I've checked similar questions and answers but even after setting the evaluation date in ql.settings I still get zero. Like another poster, I also have the QL cookbook and have read everything I could find, but still struggling. Thanks for any help!

import QuantLib as ql 
calc_date= ql.Date(21,ql.July,2023)

dayConvention = ql.Thirty360(ql.Thirty360.BondBasis)
calendar = ql.UnitedStates(ql.UnitedStates.NYSE)

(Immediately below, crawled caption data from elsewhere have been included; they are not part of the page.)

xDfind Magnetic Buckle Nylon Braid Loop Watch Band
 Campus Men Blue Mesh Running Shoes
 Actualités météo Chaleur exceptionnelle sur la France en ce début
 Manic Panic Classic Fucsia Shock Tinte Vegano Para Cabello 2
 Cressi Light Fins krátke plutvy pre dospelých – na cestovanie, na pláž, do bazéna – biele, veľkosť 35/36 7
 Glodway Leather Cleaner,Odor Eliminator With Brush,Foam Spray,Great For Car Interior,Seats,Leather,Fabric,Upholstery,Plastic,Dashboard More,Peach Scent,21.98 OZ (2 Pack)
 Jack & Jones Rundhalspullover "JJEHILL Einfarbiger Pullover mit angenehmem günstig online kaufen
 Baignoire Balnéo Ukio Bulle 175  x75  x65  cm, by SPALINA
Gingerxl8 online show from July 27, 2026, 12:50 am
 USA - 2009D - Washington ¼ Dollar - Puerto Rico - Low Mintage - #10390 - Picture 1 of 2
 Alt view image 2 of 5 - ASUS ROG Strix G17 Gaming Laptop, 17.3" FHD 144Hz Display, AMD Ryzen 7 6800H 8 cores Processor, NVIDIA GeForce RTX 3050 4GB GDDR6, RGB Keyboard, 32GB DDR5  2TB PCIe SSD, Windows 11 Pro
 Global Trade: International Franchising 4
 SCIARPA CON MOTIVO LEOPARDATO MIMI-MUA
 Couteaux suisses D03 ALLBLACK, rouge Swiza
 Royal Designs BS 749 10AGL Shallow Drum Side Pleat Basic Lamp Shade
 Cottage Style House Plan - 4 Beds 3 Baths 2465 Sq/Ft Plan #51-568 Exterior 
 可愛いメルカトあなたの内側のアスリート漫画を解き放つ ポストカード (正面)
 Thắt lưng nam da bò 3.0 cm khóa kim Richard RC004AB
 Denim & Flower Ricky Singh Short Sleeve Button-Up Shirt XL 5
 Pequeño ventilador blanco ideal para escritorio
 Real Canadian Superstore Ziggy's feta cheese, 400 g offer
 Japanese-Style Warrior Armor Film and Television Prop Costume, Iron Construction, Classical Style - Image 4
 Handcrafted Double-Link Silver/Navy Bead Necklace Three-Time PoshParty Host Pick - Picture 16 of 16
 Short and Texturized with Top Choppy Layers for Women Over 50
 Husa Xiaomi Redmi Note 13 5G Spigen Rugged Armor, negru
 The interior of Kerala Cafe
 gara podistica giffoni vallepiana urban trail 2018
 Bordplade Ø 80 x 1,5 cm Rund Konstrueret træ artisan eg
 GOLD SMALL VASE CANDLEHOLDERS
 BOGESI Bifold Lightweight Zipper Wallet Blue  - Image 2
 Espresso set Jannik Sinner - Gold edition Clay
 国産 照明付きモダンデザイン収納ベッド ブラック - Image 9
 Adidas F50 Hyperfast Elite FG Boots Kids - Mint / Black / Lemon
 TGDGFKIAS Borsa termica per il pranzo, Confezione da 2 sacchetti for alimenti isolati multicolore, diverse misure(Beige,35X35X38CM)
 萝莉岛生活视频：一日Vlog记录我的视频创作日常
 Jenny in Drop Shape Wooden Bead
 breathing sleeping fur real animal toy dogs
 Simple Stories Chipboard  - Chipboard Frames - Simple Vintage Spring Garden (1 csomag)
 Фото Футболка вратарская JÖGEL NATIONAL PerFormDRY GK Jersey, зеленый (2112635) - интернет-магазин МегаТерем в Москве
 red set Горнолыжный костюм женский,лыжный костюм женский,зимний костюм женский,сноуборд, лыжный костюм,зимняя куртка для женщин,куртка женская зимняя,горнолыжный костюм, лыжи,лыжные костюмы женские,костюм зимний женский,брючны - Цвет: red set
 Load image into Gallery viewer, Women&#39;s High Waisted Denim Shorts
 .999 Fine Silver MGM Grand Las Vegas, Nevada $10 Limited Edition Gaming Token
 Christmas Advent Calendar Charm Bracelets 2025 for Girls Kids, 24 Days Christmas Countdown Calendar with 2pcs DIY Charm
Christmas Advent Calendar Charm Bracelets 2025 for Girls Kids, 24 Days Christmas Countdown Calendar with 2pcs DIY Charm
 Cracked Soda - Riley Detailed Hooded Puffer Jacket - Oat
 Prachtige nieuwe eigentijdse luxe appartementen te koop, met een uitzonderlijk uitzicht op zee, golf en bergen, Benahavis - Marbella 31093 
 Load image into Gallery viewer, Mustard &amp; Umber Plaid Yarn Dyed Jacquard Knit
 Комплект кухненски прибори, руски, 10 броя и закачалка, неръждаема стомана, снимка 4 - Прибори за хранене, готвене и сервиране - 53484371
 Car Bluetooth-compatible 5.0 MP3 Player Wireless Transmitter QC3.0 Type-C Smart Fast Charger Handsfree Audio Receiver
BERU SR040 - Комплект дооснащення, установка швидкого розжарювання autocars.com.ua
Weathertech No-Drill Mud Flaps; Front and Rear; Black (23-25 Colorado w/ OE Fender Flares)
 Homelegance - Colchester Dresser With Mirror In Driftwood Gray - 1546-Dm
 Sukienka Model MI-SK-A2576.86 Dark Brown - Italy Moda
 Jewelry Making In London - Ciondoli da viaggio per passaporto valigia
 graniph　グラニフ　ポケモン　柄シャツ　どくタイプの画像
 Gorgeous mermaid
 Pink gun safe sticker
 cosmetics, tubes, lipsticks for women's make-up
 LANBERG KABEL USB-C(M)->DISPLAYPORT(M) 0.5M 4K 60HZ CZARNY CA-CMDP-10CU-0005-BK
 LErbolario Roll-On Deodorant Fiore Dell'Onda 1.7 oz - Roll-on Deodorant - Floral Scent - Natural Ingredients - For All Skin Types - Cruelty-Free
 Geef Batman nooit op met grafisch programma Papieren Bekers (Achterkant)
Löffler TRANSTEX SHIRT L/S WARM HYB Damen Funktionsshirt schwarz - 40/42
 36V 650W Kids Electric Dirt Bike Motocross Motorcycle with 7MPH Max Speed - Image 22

trade_date = ql.Date(20,ql.July,2023)
maturityDate = ql.Date(4,ql.August,2023)

spotDates = [ql.Date(20,ql.July,2023), ql.Date(4,ql.August,2023), ql.Date(4,ql.August,2024)]
spotRates = [0.01318, 00.01318,0.01318]

compounding = ql.Simple
compoundingFrequency = ql.Annual

spotCurve = ql.ZeroCurve(spotDates, spotRates, dayConvention, calendar, ql.Linear(), compounding, compoundingFrequency)

spotCurveHandle = ql.YieldTermStructureHandle(spotCurve)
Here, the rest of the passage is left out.